Meteor eye

I live in a leafy medium-sized city. I could live anywhere but I live here, not from any particular attachment to this city but just because that's what happened. Circumstances, which are unavoidable given the apparent existence of time. Where would I go if suddenly I had an instinct to return "home"? I don't have a home. My mother and two sisters live in Frederick, Maryland, which is pretty much a nowhere place, and anyway I never lived there myself so it couldn't count as home. The idea of home in this sense is not very important to me, although I do like my mother and two sisters, despite the fact that we have nothing whatsoever to say to one another except things that start with "Remember that time..."
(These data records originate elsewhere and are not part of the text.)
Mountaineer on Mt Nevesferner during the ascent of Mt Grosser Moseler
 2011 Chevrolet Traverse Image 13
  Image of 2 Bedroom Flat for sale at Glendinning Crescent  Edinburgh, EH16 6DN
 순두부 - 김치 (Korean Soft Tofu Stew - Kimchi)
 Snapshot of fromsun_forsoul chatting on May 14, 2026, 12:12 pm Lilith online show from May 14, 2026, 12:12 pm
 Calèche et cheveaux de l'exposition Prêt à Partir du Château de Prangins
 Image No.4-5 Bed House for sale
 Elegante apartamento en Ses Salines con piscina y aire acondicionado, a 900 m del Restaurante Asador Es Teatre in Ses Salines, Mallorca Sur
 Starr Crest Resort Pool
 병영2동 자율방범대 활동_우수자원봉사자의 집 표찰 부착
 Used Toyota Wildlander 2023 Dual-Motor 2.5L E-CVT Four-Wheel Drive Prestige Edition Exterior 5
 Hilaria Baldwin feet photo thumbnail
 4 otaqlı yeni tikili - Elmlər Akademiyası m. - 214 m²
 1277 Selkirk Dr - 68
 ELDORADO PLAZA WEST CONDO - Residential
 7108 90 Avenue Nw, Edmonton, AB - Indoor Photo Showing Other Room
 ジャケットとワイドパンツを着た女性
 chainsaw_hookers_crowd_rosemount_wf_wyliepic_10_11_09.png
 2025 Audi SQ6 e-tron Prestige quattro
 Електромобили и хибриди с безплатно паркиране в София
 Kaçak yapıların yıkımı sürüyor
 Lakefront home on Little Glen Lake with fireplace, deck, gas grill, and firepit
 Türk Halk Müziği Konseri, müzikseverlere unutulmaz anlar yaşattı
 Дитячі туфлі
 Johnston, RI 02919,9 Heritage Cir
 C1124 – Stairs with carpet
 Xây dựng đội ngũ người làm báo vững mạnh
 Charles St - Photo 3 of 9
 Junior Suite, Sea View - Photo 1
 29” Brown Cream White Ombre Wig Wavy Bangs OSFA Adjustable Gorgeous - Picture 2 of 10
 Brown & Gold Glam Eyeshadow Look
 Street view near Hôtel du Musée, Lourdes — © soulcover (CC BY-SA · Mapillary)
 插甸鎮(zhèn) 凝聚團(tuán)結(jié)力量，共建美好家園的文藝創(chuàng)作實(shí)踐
I was born in Vallejo, California, which is an anus of a city about which I suffer no twinges of dreary sentiment. For a decade I lived in San Francisco, which is a city I love, but it became in time the scene of too many personal reversals and so I fled, to come to where I now reside. Maybe success and contentment will catch up with me here and I'll stay forever! Maybe my dully ordinary personal shortcomings will continue to undermine my efforts, my middling efforts, and I will blame my surroundings and move someplace worse, or someplace better, or someplace neither worse nor better but better for me or worse for me or neither better nor worse for me but different for me and therefore better for me after all in the sense that sometimes change is salutary in itself, or different for me and therefore worse for me after all in the sense that sometimes change is an easy panacea or evasion, new circumstances to distract from the so-called deeper issues. Maybe a meteor will travel millions of light years and hit me in the eye. A meteor aimed at my eye would supplant my deeper issues and become the overriding issue, the one true issue. But of course everyone already has a meteor aimed at their eye, people would cease to function if they starting obsessing over their looming personal meteors, the personal meteor shadows in which they cower and shiver like frightened children. How I love the comma splice, rules of grammar be damned.